Re: [PATCH 2/2] drm/i915/guc: Add delay to disable scheduling after pin count goes to zero

John Harrison <john.c.harrison@xxxxxxxxx> · Tue, 16 Aug 2022 17:06:53 -0700

On 8/16/2022 16:55, Teres Alexis, Alan Previn wrote:
On Tue, 2022-08-16 at 15:45 -0700, Harrison, John C wrote:
On 8/15/2022 19:17, Alan Previn wrote:
From: Matthew Brost <matthew.brost@xxxxxxxxx>

Add a delay, configurable via debugfs (default 34ms), to disable
(default is 3/4) of the guc_ids.
are in use.

my bad - got clipped - will fix.

--- a/drivers/gpu/drm/i915/gt/uc/intel_guc_submission.c
+++ b/drivers/gpu/drm/i915/gt/uc/intel_guc_submission.c
@@ -65,7 +65,13 @@
    * corresponding G2H returns indicating the scheduling disable operation has
    * completed it is safe to unpin the context.
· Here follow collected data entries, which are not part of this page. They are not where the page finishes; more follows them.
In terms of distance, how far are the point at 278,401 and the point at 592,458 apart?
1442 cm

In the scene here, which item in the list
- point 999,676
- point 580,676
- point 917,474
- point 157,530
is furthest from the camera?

While a disable is in flight it
    * isn't safe to resubmit the context so a fence is used to stall all future
- * requests of that context until the G2H is returned.
+ * requests of that context until the G2H is returned. Because this interaction
+ * with the GuC takes a non-zero amount of time we delay the disabling of
+ * scheduling after the pin count goes to zero by a configurable period of time
+ * (see SCHED_DISABLE_DELAY_MS). The thought is this gives the user a window of
+ * time to resubmit something on the context before doing this costly operation.
+ * This delay is only done if the context isn't closed and the guc_id usage is
+ * less than a threshold (default 3/4, see NUM_SCHED_DISABLE_GUC_IDS_THRESHOLD)
The delay text has dropped the 'default 34ms' in preference for just
referencing the define but the threshold still mentions both. Is that
intentional? Dropping the values seems sensible - no need to update the
comment if the numeric value is changed at some later point.

Yes intentional - and yes, i should be consistent for both. will fix.

    *
@@ -4207,6 +4288,20 @@ static bool __guc_submission_selected(struct intel_guc *guc)
+int intel_guc_sched_disable_gucid_threshold_max(struct intel_guc *guc)
+{
+	return guc->submission_state.num_guc_ids - NUMBER_MULTI_LRC_GUC_ID(guc);
+}
+
+#define SCHED_DISABLE_DELAY_MS	34
+/*
+ * This default value of 33 milisecs (+1 milisec buffer) ensures 33fps workloads are
+ * able to enjoy the latency reduction when delaying the schedule-disable operation
+ */
+#define NUM_SCHED_DISABLE_GUCIDS_DEFAULT_THRESHOLD(__guc) \
+	(((intel_guc_sched_disable_gucid_threshold_max(guc)) * 3) / 4)
+/* Default threshold to bypass delay-schedule-disable when under guc-id pressure */
+
Comments always go in front of the thing they are describing, not after.
Will fix.

Also, the description reads as just a more verbose version of the
#define. As in, more words but no extra information. Not sure what more
can be said about the threshold. I'm not aware of any empirical or
theoretical evidence as to why 75% is a good number beyond 'it just
seems sensible'.
Yes - this was merely a sensible choice that wasnt part of a known performance issue with real world workloads
(considering we have thousands of guc-ids at our disposal). Will fix (remove the comment since its self-descriptive
anyways).
It should have some comment. Even if it is just "75% seems like a 
reasonable starting point, real world apps generally don't get anywhere 
near this".


The 'make it work for 33fps' seems quite arbitrary and
magical, though. What is so special about 33fps? I feel like it should
at least mention that an real-world use case requires 33fps (was it
really 33 not 30?)
The patch comment already includes the workload description: game-rendering + encoding at 30 fps (not as fast as
possible but with latency deadlines at that fps). But i can include it again in this #define if you prefer:
(would this work?)
      /*
       * This default value of 33 milisecs (+1 milisec buffer) ensures 33fps or higher fps
       * workloads are able to enjoy the latency reduction when delaying the schedule-disable
       * operation. This matches the 30fps game-render + encode (real world) workload this
       * knob was tested against.
       */
      #define SCHED_DISABLE_DELAY_MS	34
Sounds plausible. Although technically, 34 is not a +1 buffer it is 
rounding up the 1/3ms that we can't fit in an integer variable. And it 
should be "30fps or higher" given that the actual workload is 30fps. 
Supporting only >= 33fps would be insufficient.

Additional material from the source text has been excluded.